But to devote himself to a woman in sickness--that was different.
The fifteenth century Italian hated like the devil continued
association with pain. He would have thrown his boots to a
beggar, but he would have danced in his palace over the dungeons
where his brother rotted in obscurity.

So poor Carlotta was neglected, and began to eat the bread of
disillusion. When she got well, there was a faint recrudescence
of affection. Has not this story been written a million
miserable times? Why should I rend my heart again by retelling
it? Wild rages, jealousies, quarrels, tears--

"And then one day he said, 'You damned little fool, I am sick to
death of you,' and he went away, and I never saw him again. He
wrote and he sent his valet to put me in the pension."

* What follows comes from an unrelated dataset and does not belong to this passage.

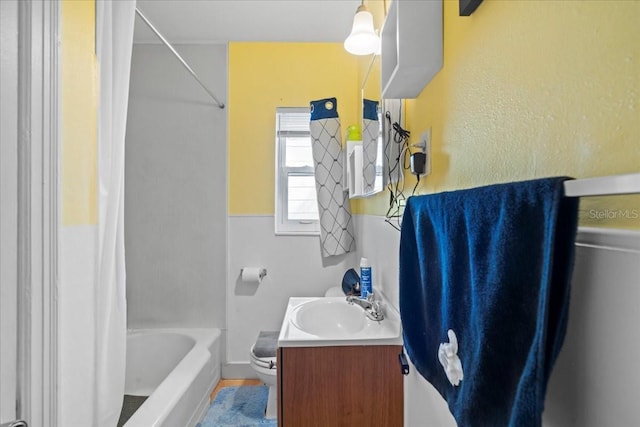 548 3rd St N, Saint Petersburg, FL 33701 - bathroom featuring toilet, shower / tub combo, and vanity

"And yet, Carlotta," said I bitterly, "you would go back to him
if he sent for you?"

She sprang forward and gripped me by the arm--I was sitting quite
close to her--and her face wore the terror-stricken expression of
a child frightened with bogies.

"Go back? After what he has done to me? You would not send me
back? Seer Marcous, darling, you will keep me with you? I will
be good, good, good. But go back to Pasquale? Oh, no-o-o!"

She fell back in her sofa-corner, and fixed her great, deep
imploring eyes on me.

"My dear," said I, "you know this is your home as long as ever
you choose to stay in it--but--" and I stroked her hair gently--"
if he comes back when your child is born--his child--"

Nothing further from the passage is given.